WORK TASK: Having located "Wide Straight Pants" in the listing below, write out its line and every following line exactly, last line included, without the pictures.

MATERIAL FOR THIS TASK:
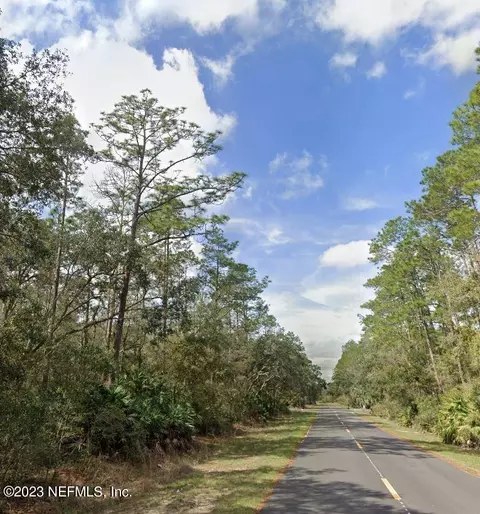 19 Dixon Street, Interlachen, FL 32148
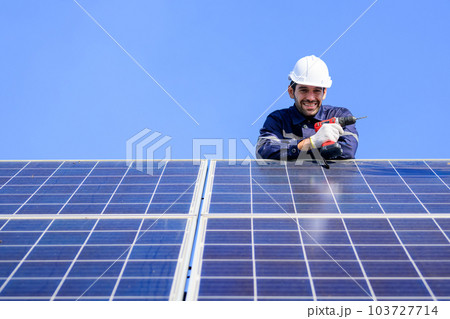 Solar panel station, Engineer installing solar panel at solar energy farm field 103727714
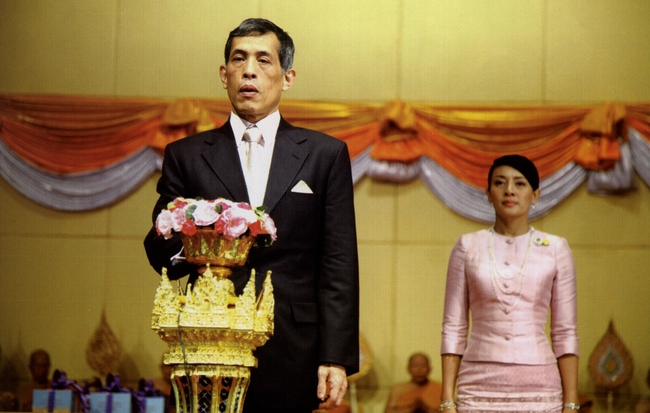 Chân dung Thái tử Maha Vajiralongkorn - người kế vị ngai vàng hoàng gia Thái Lan - Ảnh 13.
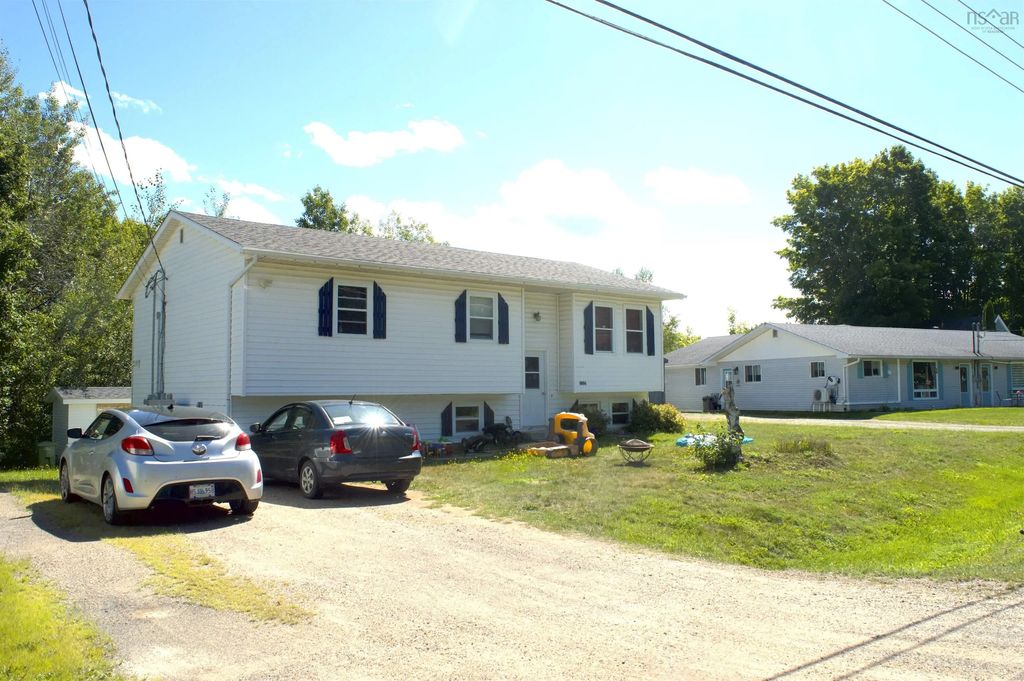 1086 Morse Lane, Centreville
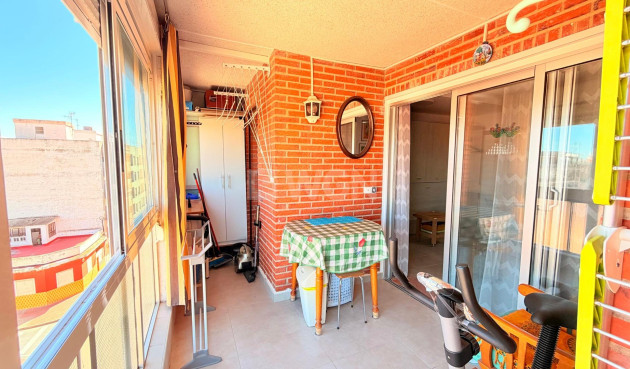 Odsprzedaż - Mieszkanie w bloku - Torrevieja - Playa De Los Naufragos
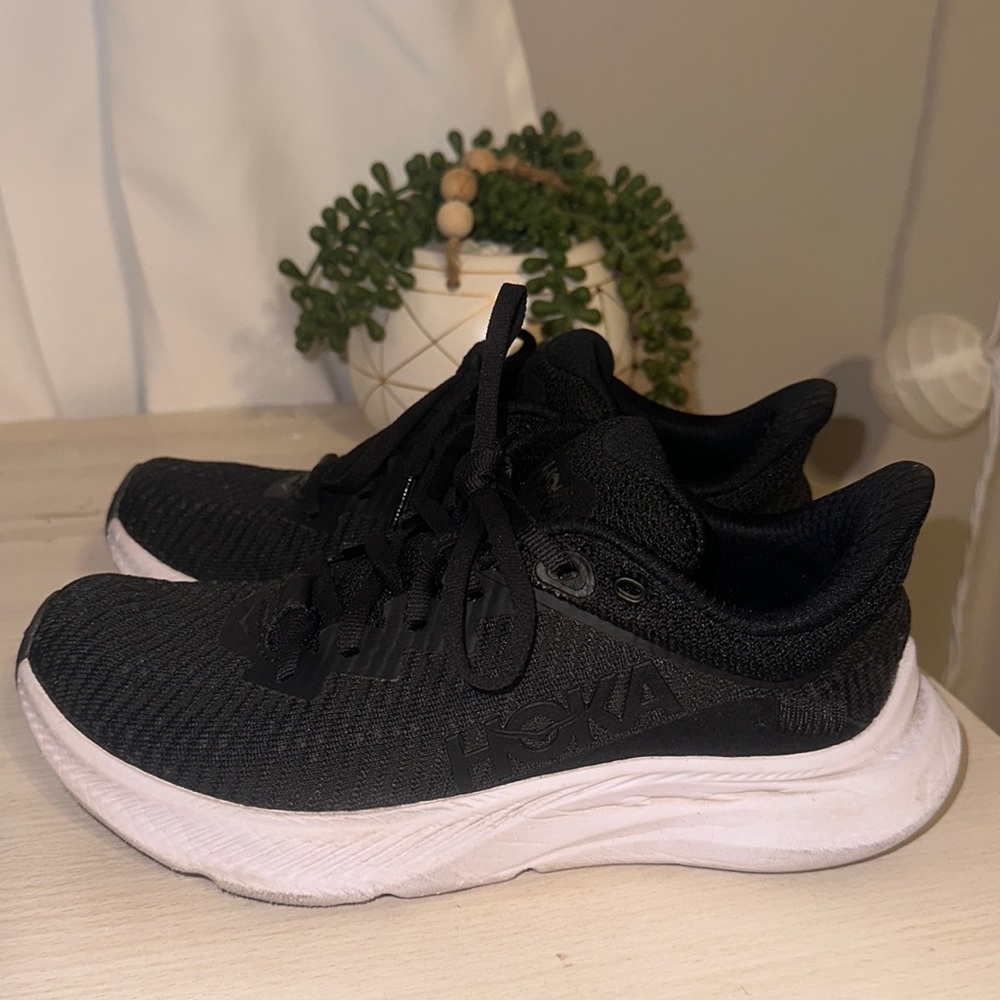 Women Hoka Solimar size 5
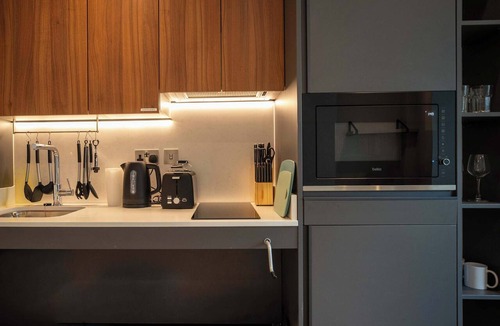 East Acton Apartment | Accessible Studio | Step-Free + Gym | StayCozy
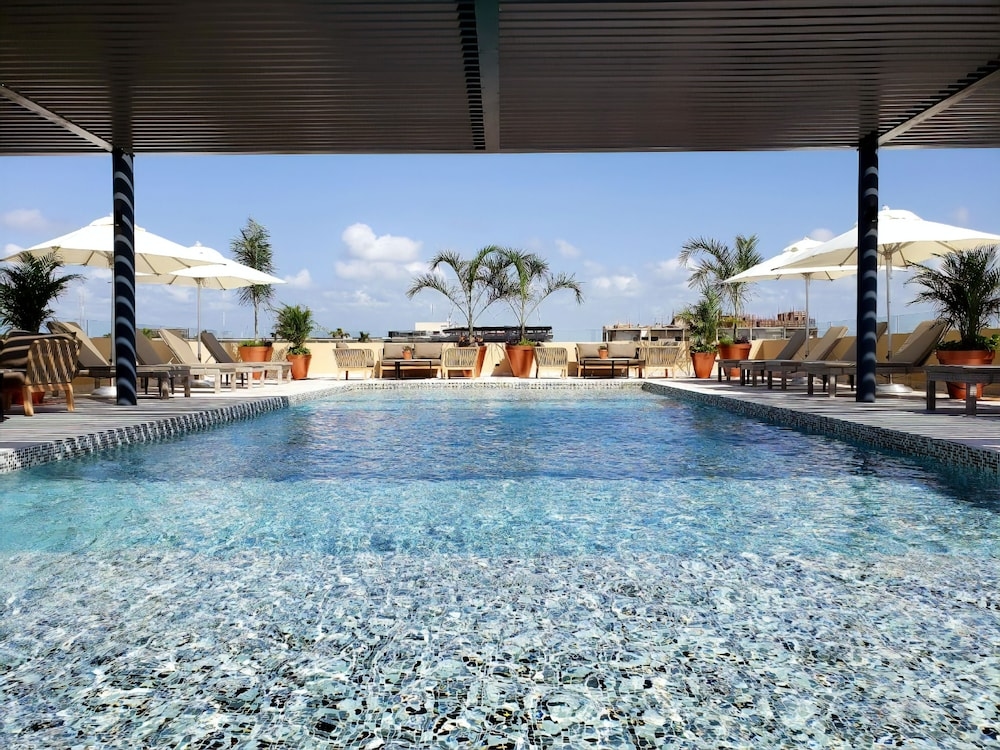 Foto de Singular Joy Downtown Residences
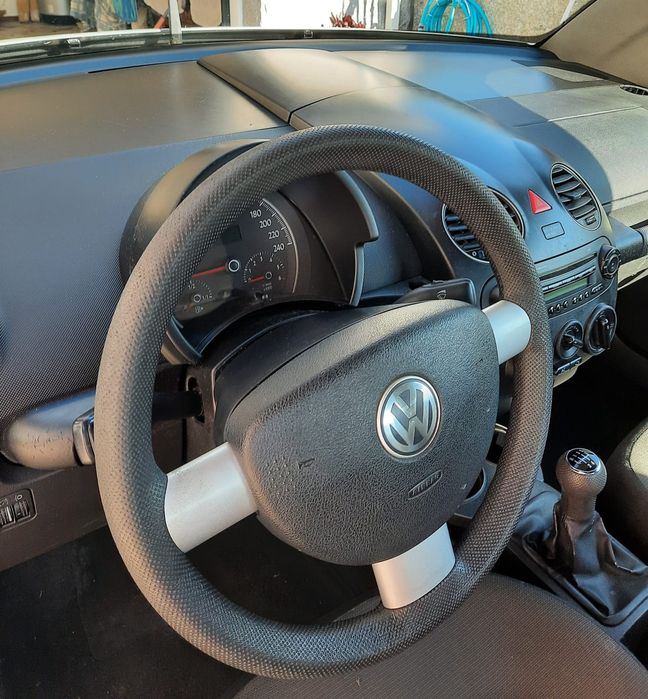 Volkswagen New Beetle Cabrio 1.4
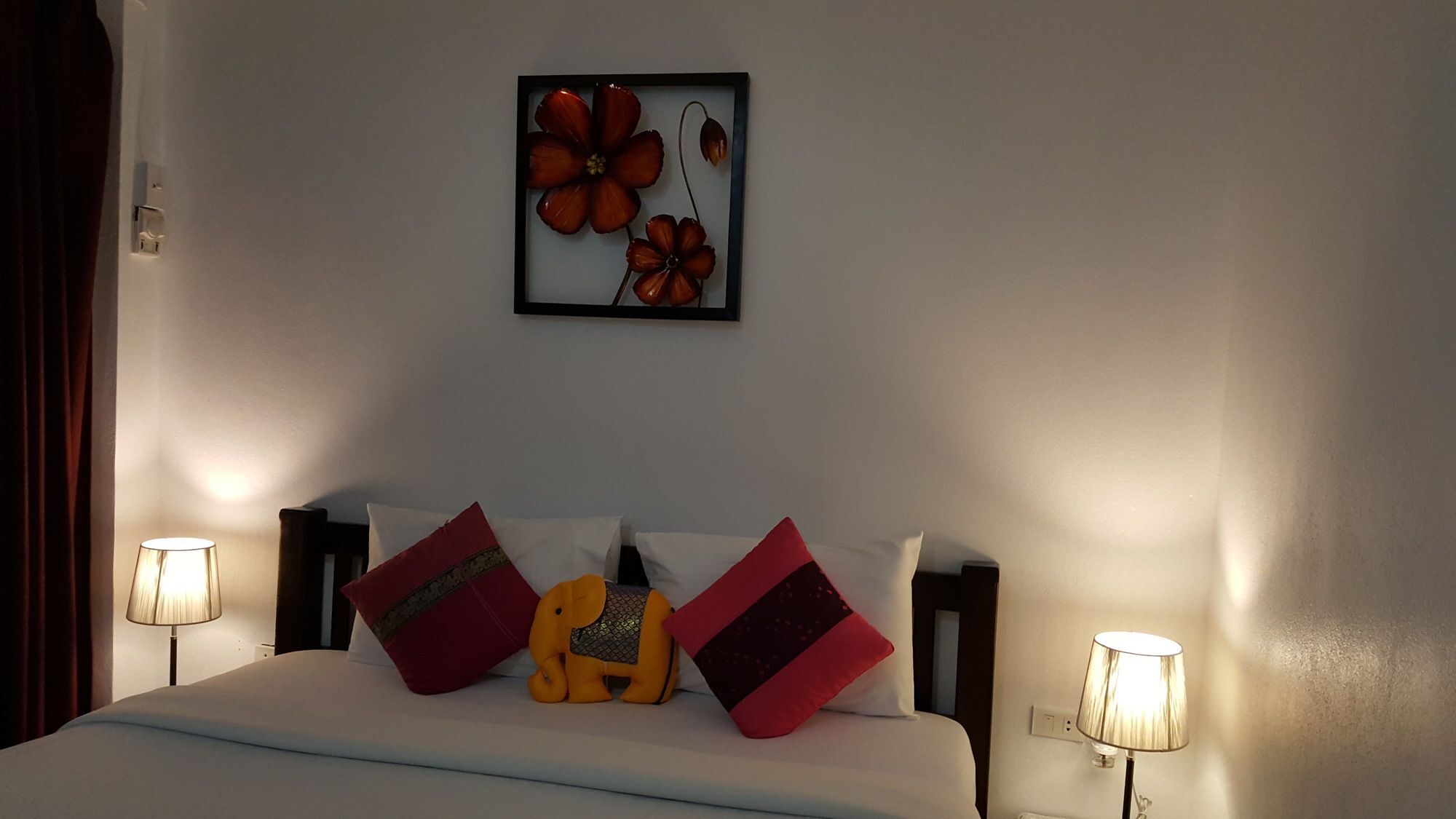 Montania Lifestyle Hotel Phanom Eksteriør billede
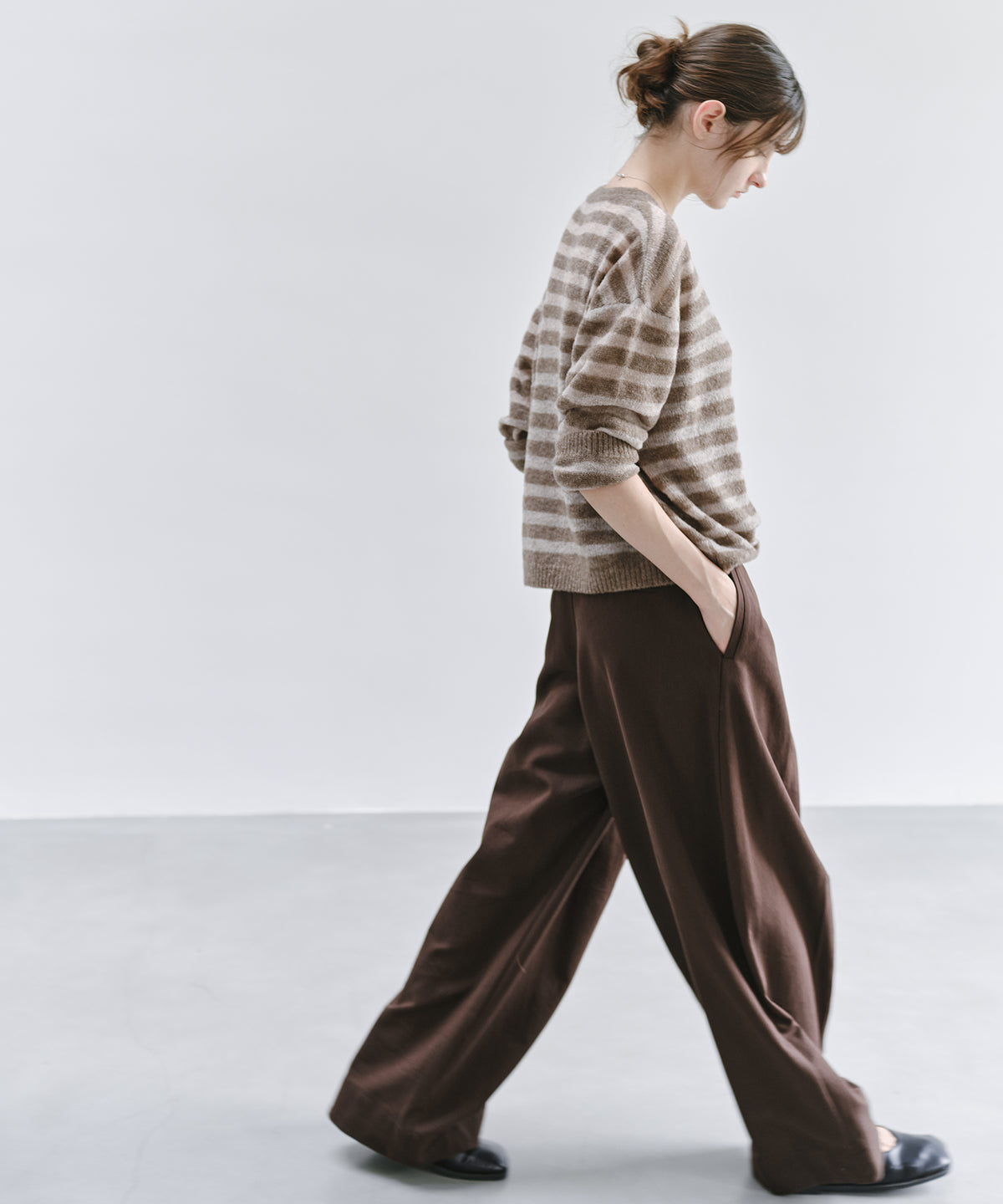 「10月下旬出荷予定」Back Elastic Wide Straight Pants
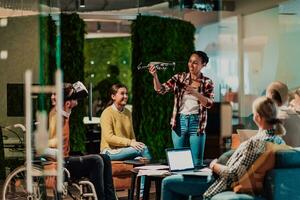 negocio personas con un invalidez a trabajo en moderno abierto espacio trabajo colaborativo oficina en equipo reunión utilizando virtual realidad gafas de protección. foto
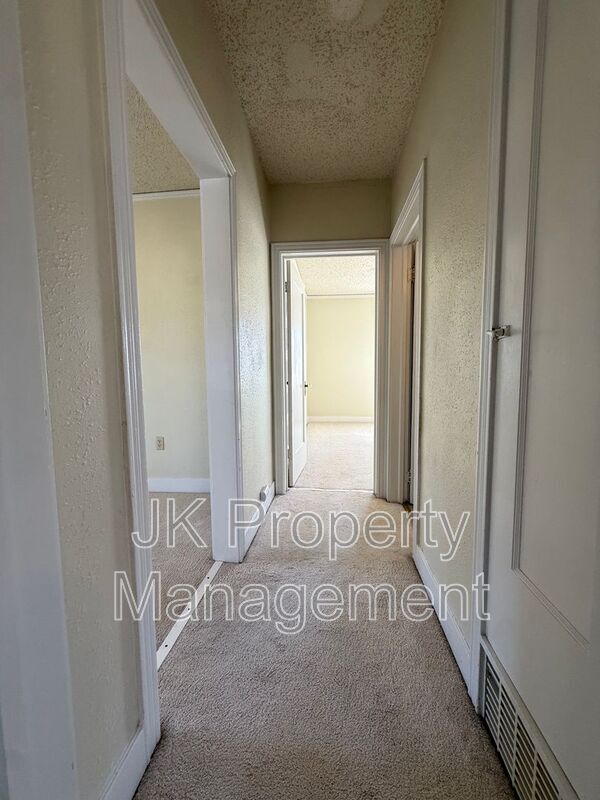 Building Photo - 2716 Central Ave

ANSWER TO THIS PROBLEM:
 「10月下旬出荷予定」Back Elastic Wide Straight Pants
 negocio personas con un invalidez a trabajo en moderno abierto espacio trabajo colaborativo oficina en equipo reunión utilizando virtual realidad gafas de protección. foto
 Building Photo - 2716 Central Ave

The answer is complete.